§ RAW DATA
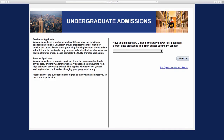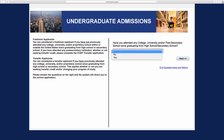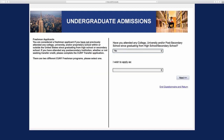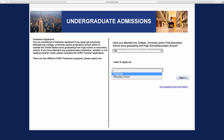If you have not attended any college, university, and/or post-secondary school since graduating from high school or secondary school, click no, and it will give you options to either apply as a freshman or apply for the Macaulay Honors Program.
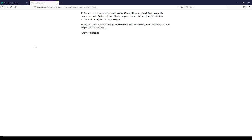Using the underscore JS library, which comes with Snowman, JavaScript can be used as part of any passage. Let's pause here and go back to the story map.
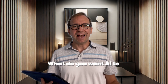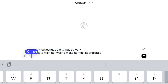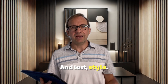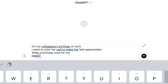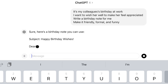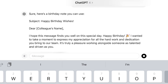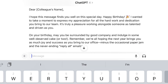Instructions: what do you want AI to do? Write a birthday note for me. And last, style: how should it sound? Make it friendly, formal, and funny. Put it all together and now AI exactly knows what you're looking for. You can give it all the right signals to create the perfect response — like this birthday message.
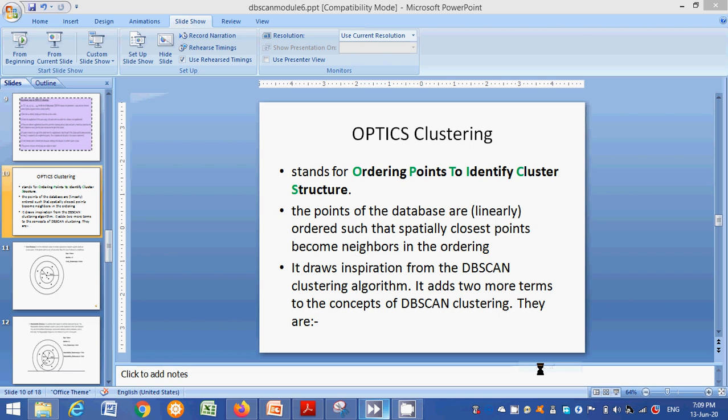In this video, I am explaining about OPTICS clustering. OPTICS stands for Ordering Points To Identify Cluster Structures. The algorithm identifies cluster structure by ordering the points.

§ PROMPT
With the pictures left out, write out all of the data exactly.

§ EXERCISE ANSWER
If you have not attended any college, university, and/or post-secondary school since graduating from high school or secondary school, click no, and it will give you options to either apply as a freshman or apply for the Macaulay Honors Program.
Using the underscore JS library, which comes with Snowman, JavaScript can be used as part of any passage. Let's pause here and go back to the story map.
Instructions: what do you want AI to do? Write a birthday note for me. And last, style: how should it sound? Make it friendly, formal, and funny. Put it all together and now AI exactly knows what you're looking for. You can give it all the right signals to create the perfect response — like this birthday message.
In this video, I am explaining about OPTICS clustering. OPTICS stands for Ordering Points To Identify Cluster Structures. The algorithm identifies cluster structure by ordering the points.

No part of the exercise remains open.